District 4 Supervisor Anthony Smith, however, summarized, “Quite frankly, I’m not buying the argument that this is in the middle of a residential neighborhood, because there is so much commercial development along highway 88. If this [code change] is successful, it [Joslyn Crown building plans] will go through a site plan review, and there will be a traffic impact analysis and other studies.”
Pinal County staff received 28 letters and 133 signatures in opposition of the zoning change and 15 letters and 147 signatures in support of the zoning change. Some of the letter writers, both pro and con, wrote multiple times.
Because of the number and proximity of residents opposing the zoning change, the motion required approval by four of the five supervisors. Supervisors John Goodman, Steve Miller, Pete Rios and Anthony Smith approved. District 5 Supervisor Todd House opposed.
JP Redistricting Update
The Board of Supervisors decided in July, 2017, to reduce the number of Justice of the Peace (JP) districts from eight to six, redrawing the boundaries to redistribute the workload, easing the pressure on the Apache Junction court.
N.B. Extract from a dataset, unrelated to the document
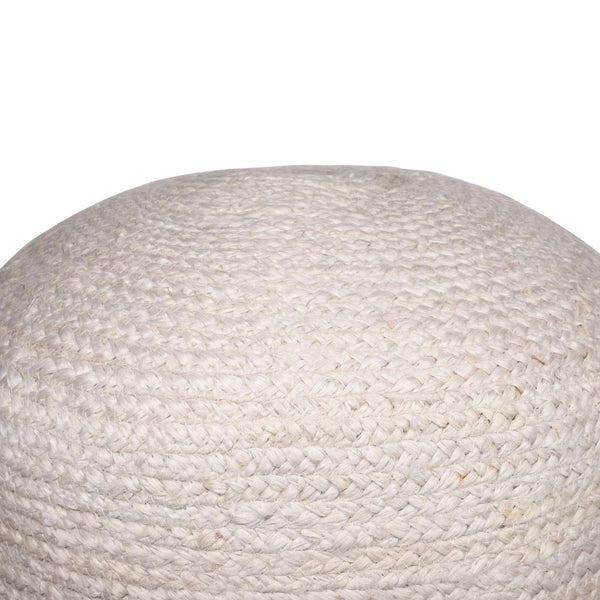 Homeroots 18" Off White & Navy Blue Jute Blend Striped Pouf Ottoman - Chic, Versatile Footrest & Extra Seat   551556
The redistricting plan is currently underway.
District 1 Supervisor Pete Rios explained, “AJ was abutting up against 1,200 productivity points, which, by state law, requires the county to create a new JP precinct, and we didn’t want to do that. So we went to the consolidation.
“While some courts in the eastern portion of the county will lose JP courts, there will also be satellite facilities set up with a JP who will be traveling between the facilities and taking advantage of technology to handle some cases via videoconferencing. San Tan Valley will have a new JP court built to handle the population growth.
“While reducing the number of districts overall, the redistribution will help to spread the workload around to take the pressure off of the AJ court.”
Supervisor House also noted, “I know that we had to restructure the JP. One of the nice things was that we are going to save some money in the process – not a lot, but some.”
Last year, Apache Junction had 19,500 case filings in the justice court.
Housing and Development Training
The fiscal year assessment of the Pinal County Housing Department, conducted December, 2017, resulted in a management designation of “Substandard.” Although this was an improvement from the previous year’s designation of “Troubled,” the county is still underperforming.
The Pinal County Board of Supervisors, who holds responsibility as the Housing Authority for Pinal County, will be required to participate in a six hour course as a part of an improvement plan. The training will be presented by a 3rd party vendor, hired by the Department of Housing and Urban Development (HUD). The training comes with appropriate timing, as the BOS has declared April to be Fair Housing Month.